Contact Us

Inside One Of The First Mass Timber Offices On The East Coast

A building that helped write the mass timber construction code in D.C. is nearly ready to welcome tenants to its innovative redevelopment.

80 M St. SE, an office building owned by Columbia Property Trust in the Capitol Riverfront neighborhood, was one of the first commercial office spaces in the country to be built with mass timber, which is created by pressing together wood planks.

Contractors are completing tenant space in the addition to 80 M St. SE, one of D.C.'s first mass timber buildings.

The building is now 71% leased, with 50K SF of leases or renewals signed since January 2021, Jesse Stephens, Columbia senior director of development and construction, said at a ULI event Monday. 

New tenants include Walmart and British Petroleum, and Stephens said the sustainably designed space was a selling point.

"Being a unique building, or at least a unique structure, was a huge advantage to us," Stephens said.

Across the country, developers are exploring the possibility of mass timber as a lighter and more sustainable building material than concrete and steel. Over the past decade, the size of mass timber projects that building codes have allowed architects and engineers to design has steadily risen, and new capacity is building out in the United States and specifically the East Coast to meet the demand for lumber.

"There isn’t a project that comes into our office that we don’t consider mass timber," said Jason Wright, an associate principal at Hickok Cole who helped design the 80M addition. 

The 80M project was one of the first in the District to use mass timber when Columbia, which was acquired and taken private by Pacific Investment Management Co. last year, submitted plans in 2019.

At the time, the D.C. building code was following 2013 standards, which hadn't yet incorporated mass timber. But project partners Columbia, Hickok Cole, Arup and Davis Construction were able to convince the District to work with them on the project to ensure it met safety guidelines with the support of the Department of Energy & Environment.

What's more, 80M was able to lock in pricing before lumber costs skyrocketed, enabling the $65M project to be financed through Columbia's corporate balance sheet at a premium of only 1% compared to steel, Stephens said.

MGAC's David Ben-Israel, Davis Construction's Patrick Cotter, Arup's Lauren Wingo, Hickok Cole's Jason Wright and Columbia Property Trust's Jesse Stephens speak on a ULI panel to discuss the mass timber addition to the 80 M St. SE office building.

"That felt like as much of a no-brainer as you can get," Stephens said.

Plans for the 107K SF addition, which takes 80M's total footprint to 392K SF, began when Columbia wanted to add new floors to the office building first constructed in the early 2000s. 

But the challenges of adding on to the existing structure quickly became evident: the building would only be able to add three floors of commodity-grade space due to height restrictions in the District, and building that addition with concrete would have required substantially altering the foundation, disrupting occupancy and costing a premium.

Steel was a natural solution to the weight associated with concrete, but architectural firm Hickok Cole, which was brought on to help design the addition, had another idea.
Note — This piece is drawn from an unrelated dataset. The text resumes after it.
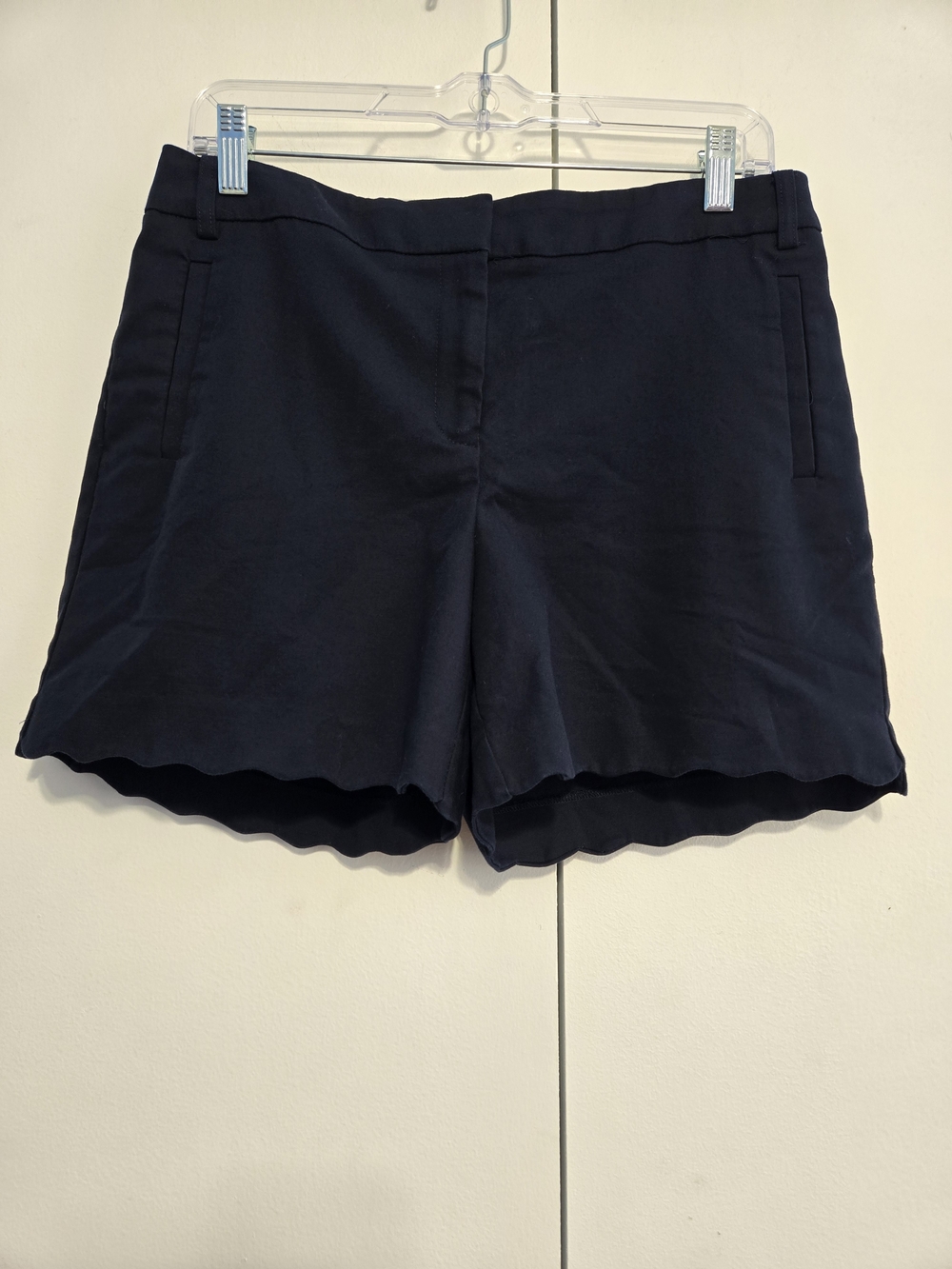 Anne Klein Navy Scalloped Hem Dress Shorts Size 8 Stretch Career Casual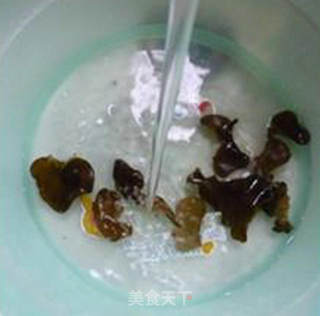 黑木耳瘦肉丝盖浇面的做法步骤：5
"It was a question that answered itself as time went on," Stephens said. "It was, 'OK, let’s go with timber.'

At the time, the idea of a mass timber structure for a commercial office was so new that the D.C. code had no real guidelines.

The project team, including Arup principal David Barber, who helped draft International Building Code mass timber fire safety guidelines, worked with permitting agency DCRA to develop rules that the project would abide by.

Among other assurances, the team tested and confirmed that the structural timber elements used in the addition are rated to withstand a fire for two hours, meeting the standard of any other type of commercial material that could be used for the space.

"[The timber] actually chars and eventually goes out," Stephens said. "If you think about building a campfire and the log is basically too big, that’s what happens."

The mass timber columns contain a steel core that helps connect the floors of the addition with each other and to the original building frame.

Many of the structural timber elements were built off-site and assembled on top of the office in a shortened timeline compared to a concrete or steel build-out. With a roughly 12-person team, the addition topped out within six weeks, Stephens said. 

Last fall, the addition was closed out with 15-foot glass curtain walls that allowed sunlight to penetrate deep into the offices. The project includes a new penthouse amenity space and private terraces for tenants.

"In a way, we kept the mass timber as the easiest part of the equation and the hardest part was integrating it with the existing parts of the building," Arup Senior Structural Engineer Lauren Wingo said.

There is still more work to do to lease up the building. WeWork signed on to 69K SF on the first three floors in 2016, and per its lease terms will remain until at least 2028. The American Trucking Associations, a tenant before the addition was built, signed a lease through 2038 that will include 40% of the vertical expansion. SAIC, which occupies more than 40K SF, is also in the building.

Since the project began construction, the D.C. building code has been altered to incorporate mass timber guidelines. Wright said the proliferation of mass timber fabricators around the country and the success of projects that are now being completed have begun to push the material into the mainstream.

“For those that are sustainability-focused, it’s certainly a viable option,” Wright said. “I think it’s becoming a part of the lexicon for everyone, whereas five years ago it just wasn’t.”